Jak pokazało badanie o nazwie DAWN2, prawie połowa osób pytanych uważa swoich najbliższych za duże obciążenie. Czują się oni także niepewni i bezradni w kontaktach z nimi. Najbardziej boją się oni sytuacji   wystąpienia hipoglikemii” – mówi Klaus-Martin Rölver.

Jakie jest to naprawdę uczucie strachu opowiada nam matka Yvonne Behrend z Peine, która kilka razy w nocy musi wstawać, żeby zmierzyć poziom cukru we krwi swojemu synowi, Leanderowi. „To jest bardzo męczące w dłuższej perspektywie”, mówi nam ekspert Rölver.

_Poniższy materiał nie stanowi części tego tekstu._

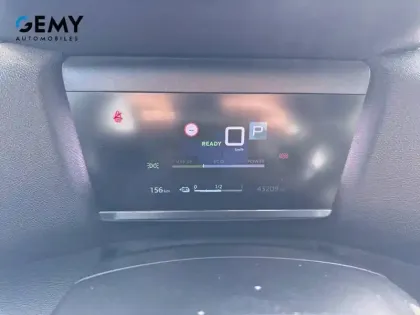 Photo 15 Citroën C4 e- 136 ch Automatique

Niekiedy diabetycy denerwują swoich najbliższych zmianami nastroju lub agresywnością z powodu niskiego poziomu cukru we krwi. „Trzeba tutaj zrozumieć, że mózg nie działa prawidłowo w przypadku znacznego niedoboru cukru” wyjaśnia Rölver. Również komplikacje z powodu niedoboru cukru i strach przed jedo następstwami, są bardzo obciążające.

Sabrina Lutter z Stadthagen była świadkiem jak jej przyjaciółka zapadła w śpiączkę cukrzycową. Podobnie Rolf Haug z Gröbenzell zmienił sposób żywienia w trosce o swoją żonę.

Ale zbyt duża nadopiekuńczość może być postrzegana przez diabetyka jako protekcjonalizm/protekcjonalność, ostrzega Rölver. Ciągła opieka nad chorym może nadszarpnąć taki związek.

Klaus-Martin Rölver zaleca krewnym cukrzyków branie uczestnictwa w specjalnych szkoleniach, skierowanych właśnie do nich. Odbywają się one w specjalistycznych punktach diabetologicznych.

 

„Najchętniej chciałabym być zawsze blisko Leandra”.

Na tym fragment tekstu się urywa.